What this task involves —
Set each line of the data down exactly, please.

==================================================

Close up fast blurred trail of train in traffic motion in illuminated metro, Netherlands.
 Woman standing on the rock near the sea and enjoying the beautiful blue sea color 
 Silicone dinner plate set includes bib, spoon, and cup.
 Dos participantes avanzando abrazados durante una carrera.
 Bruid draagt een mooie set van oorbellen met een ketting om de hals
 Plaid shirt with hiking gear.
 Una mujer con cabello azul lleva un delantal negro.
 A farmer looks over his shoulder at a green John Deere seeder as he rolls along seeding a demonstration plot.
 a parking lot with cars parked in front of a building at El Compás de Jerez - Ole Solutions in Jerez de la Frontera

==================================================

Written response —
Close up fast blurred trail of train in traffic motion in illuminated metro, Netherlands.
 Woman standing on the rock near the sea and enjoying the beautiful blue sea color 
 Silicone dinner plate set includes bib, spoon, and cup.
 Dos participantes avanzando abrazados durante una carrera.
 Bruid draagt een mooie set van oorbellen met een ketting om de hals
 Plaid shirt with hiking gear.
 Una mujer con cabello azul lleva un delantal negro.
 A farmer looks over his shoulder at a green John Deere seeder as he rolls along seeding a demonstration plot.
 a parking lot with cars parked in front of a building at El Compás de Jerez - Ole Solutions in Jerez de la Frontera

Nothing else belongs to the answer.